C per se does not want flat address space: it is, for example, UB to subtract
pointers that do not point within a same object. IOW, "far pointers" from the
DOS era and segmented 286-style pointers would absolutely be within the bounds
of the C standard, if they hadn't used special syntax.

With 386 segment-level protection you could define one segment per object,
with byte-level granularity limit checks for segments smaller than 1MB. Each
string could have had its own segment with precise length. No more buffer
overruns.

I think we ended where we are now because of several factors:

1\. early hardware -- 286 -- was too limiting.
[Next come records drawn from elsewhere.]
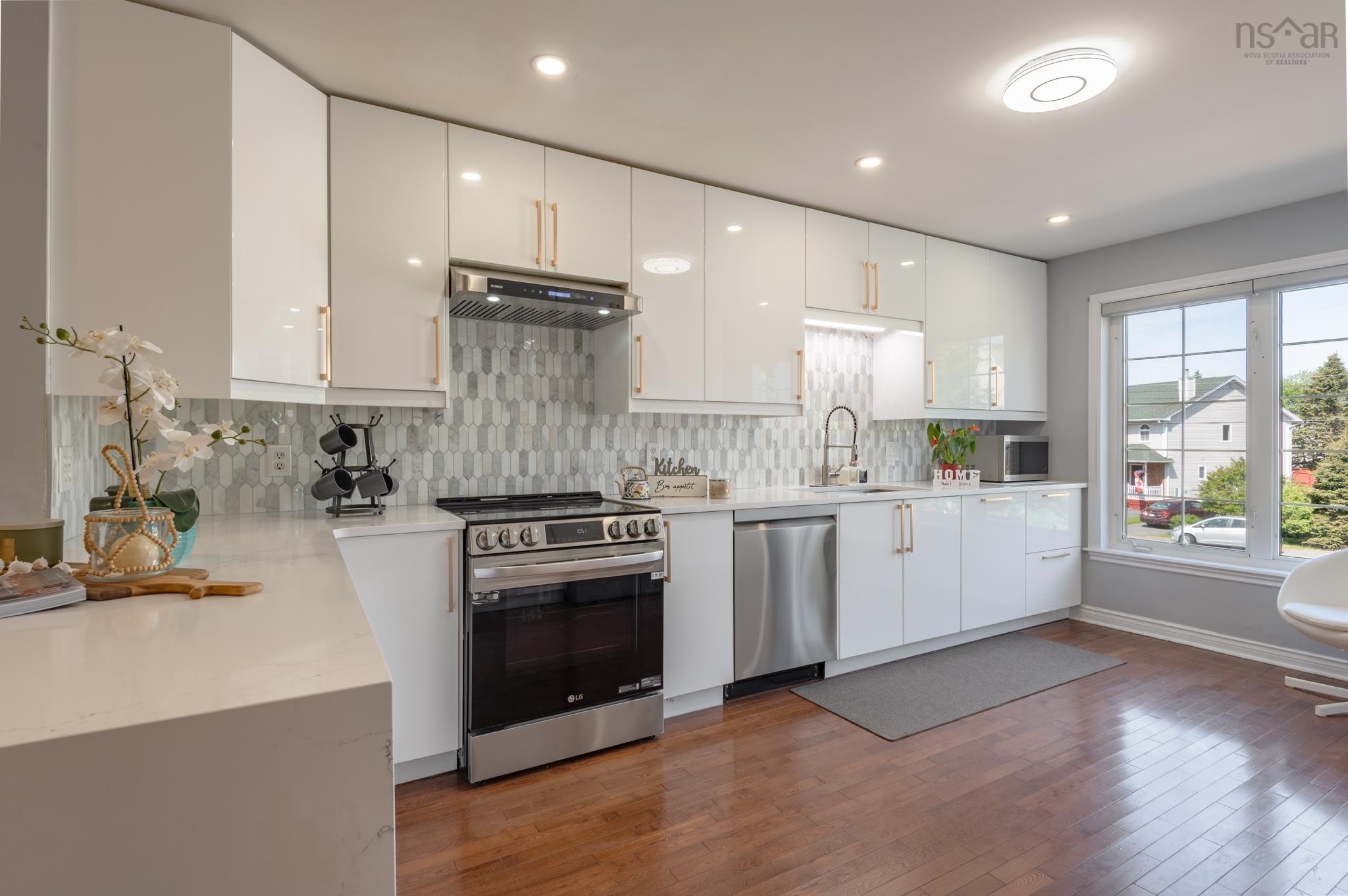 $575,000.00: 23 Moss Court, Halifax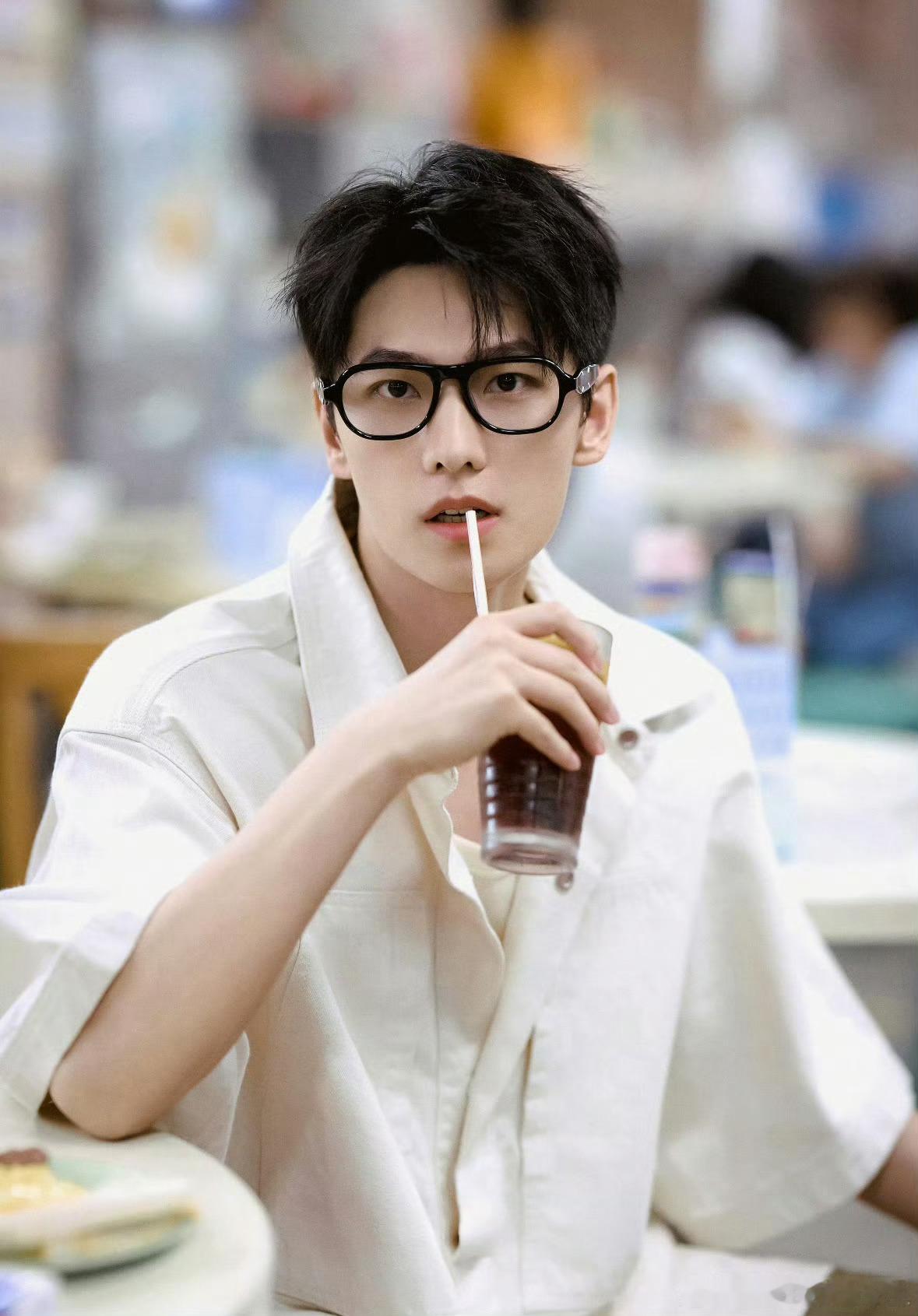 杨洋平均每年一部大ip影视化出道多年，年均一部大IP的节奏堪称内娱“天选之子”。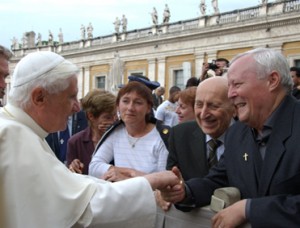 El director de Radio María, P.Livio saludando al Papa Benedico XVI el pasado 2012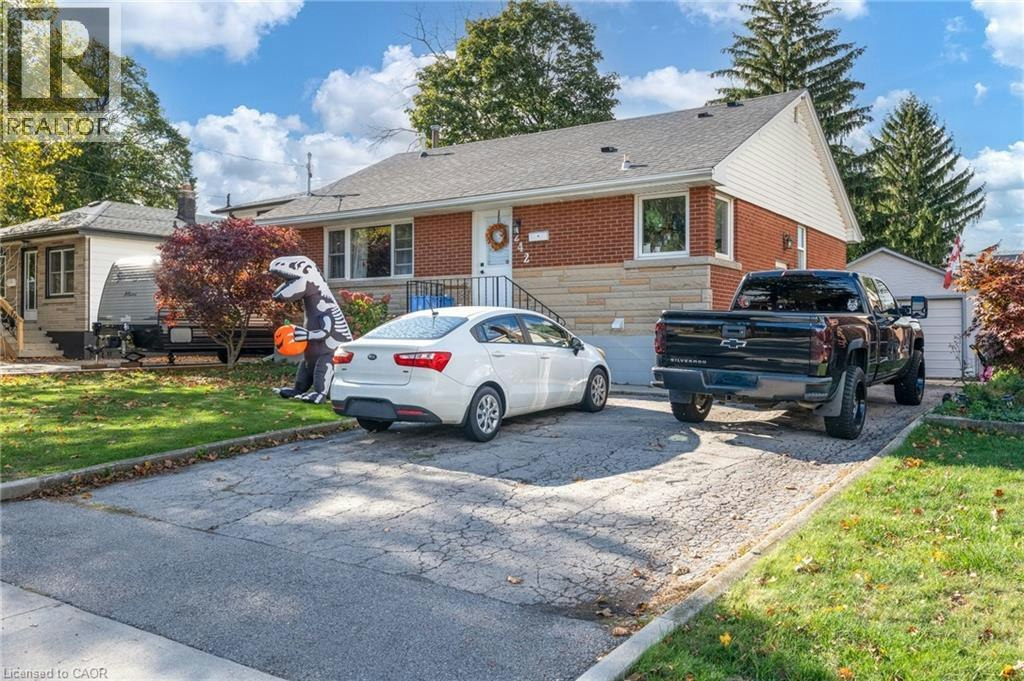 Lower-242 17th Street WEST, Hamilton, ON, L9C 4G2 - 17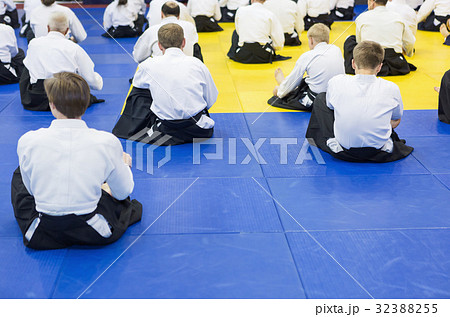 People practice Aikido 32388255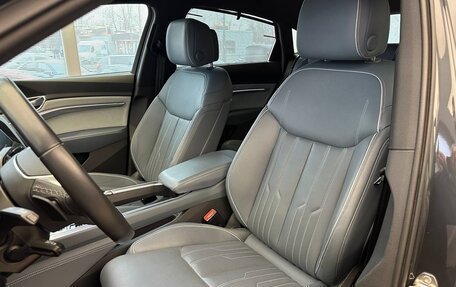 Audi e-tron Sportback I, 2021 год, 5 990 000 рублей, 9 фотография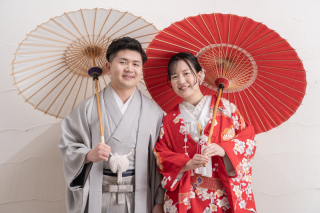 おふたりらしさいっぱいのウェディングフォト♪　＊洋装＆和装　スタジオ2着プラン＊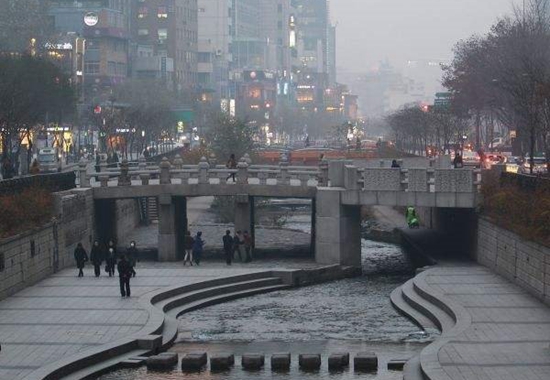 受困雾霾韩国人:怪中国来的西风和本地烤鱼 韩国雾霾跟中国有关吗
Each segment could be at most
64k long, and

2\. programmers (naturally) needed arrays larger than 64k even back then,

3\. OS-es, UNIX and Win32, but not VMS, targeted the lowest common HW
denominator, which is flat address space with only U/S page protections,

4\. rather bad tooling.

Situation is changing slowly though. Intel's MPX extension offers much of the
old segment-level protection, but is opt-in for software and needs tooling
support (compiler, linker, loader, etc). This is being worked on, e.g., in
gcc:
[http://gcc.gnu.org/wiki/Intel%20MPX%20support%20in%20the%20G...](http://gcc.gnu.org/wiki/Intel%20MPX%20support%20in%20the%20GCC%20compiler)